The mountains above San Sebastian del Oeste (1.5 hr east of PV) are a haven for a diverse mix of species. Close to town the habitat is lush and the roadside birding made our progress oh so slow-a welcome dilemma. One of the first flower banks had several male Bumblebee Hummingbirds displaying at close range, utterly unaware of human admirers. A side two track called my name, as they often do, and we entered a humid, north facing forest. Patience (and persistence) rewarded us with several looks at the always skulking Green-striped Brushfinch, it's white throat standing out in the dark understory where it lives. An Amethyst-throated Mountain Gem had a territory set up that it was determined to defend.

Back on the main road, we ascended into forest that could almost be described as cloud forest. In quick succession, we encountered Smoky-brown Woodpecker, and Ivory-billed and Olivaceous Woodcreepers. Somewhat surprising was a Bright-rumped Attila calling from across the valley. It was already past 10am by the time we turned onto the steep, weathered cobblestone that climbs to the summit of La Bufa.

The first section of this part of the road is drier pine but birdy nonetheless. Transvolcanic Jay, Pine Flycatcher, and our first Chestnut-sided Shrike Vireo all paid us a visit. The shrike vireo, like its cousins in the tropics, calls loudly from the treetops but is difficult to gimpse. Fortunately, this individual responded to play back and gave us a great view of its memorable color combination. Higher up, a flowering tree gave us great looks at several orioles, Scott's, Audubon's, and Bullock's, all engrossed in feeding. Around the next corner, a mixed warbler group including Hermit, Crescent-chested, and Townsend's swirled through. Some lush shrubbery nearby harbored Golden-browed Warbler and Slate-throated Redstart, the latter species the most common warbler on the mountain by far.

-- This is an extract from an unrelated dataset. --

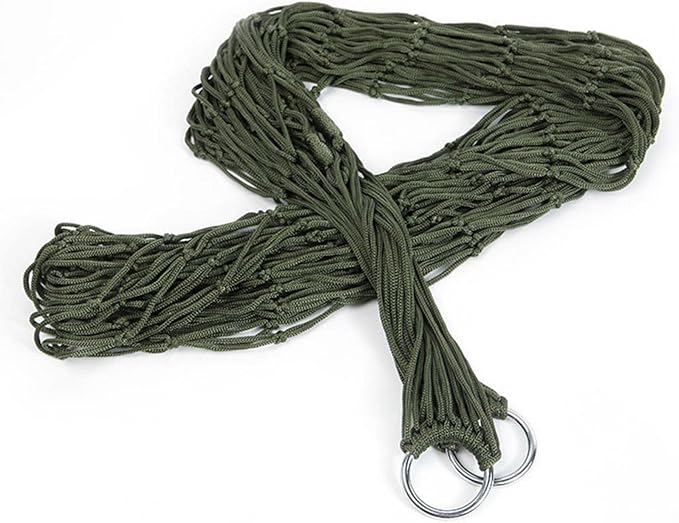 Nylon Rope Hammock for Outdoor Camping, 9-Strand Portable Hanging Bed for Backyard Patio Travel, 94.5 x 31.5 Inches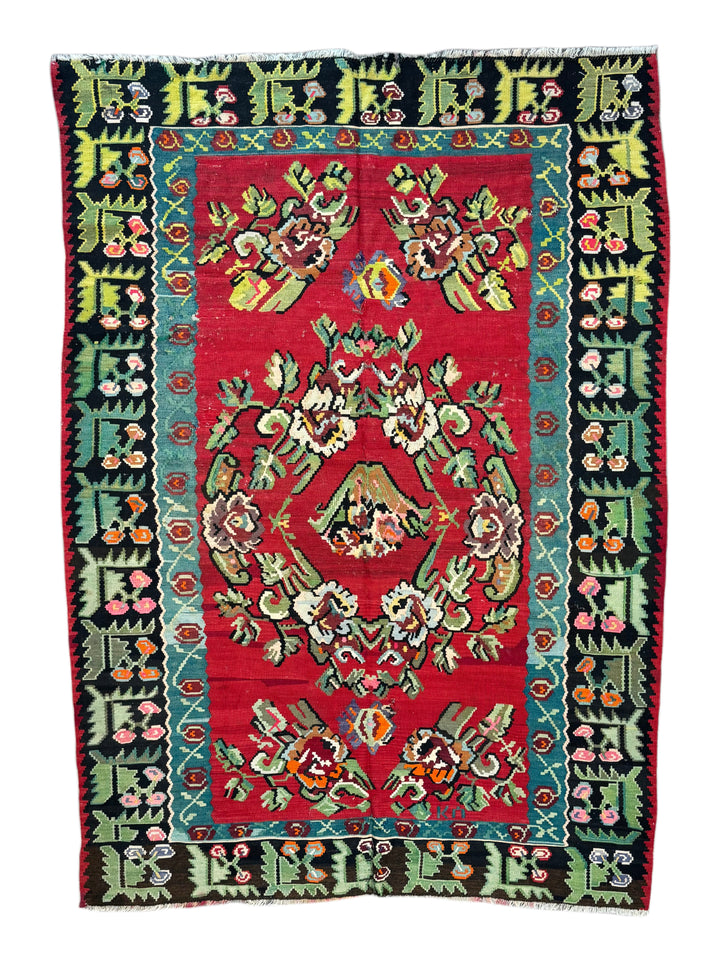 Red, Black &amp; Teal Turkish Bessarabian Kilim Rug – 6’10” x 9’8”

By the time we reached the end of the road, at almost 8,000', it was mid afternoon. Activity was not abating however. We were able to refind a group of Aztec Thrushes reported several days before. Although extremely shy, the thrushes gradually revealed themselves as we patiently sat in the oak thickets. Other birds were working the same area including both Flame-colored and Red-headed Tanagers, the latter being the northernmost tangara genus occurring in West Mexico. As we descended we paused at a flower bank that was a known location for Cinnamon-bellied Flowerpiercer. On cue, the bird surfaced at the top of the flowers. Again, a species at the extreme north edge of its range. Icing on our birding cake came as we walked back to the vehicle and several Long-tailed Wood Partridges raucously called, a stunningly loud vocalization.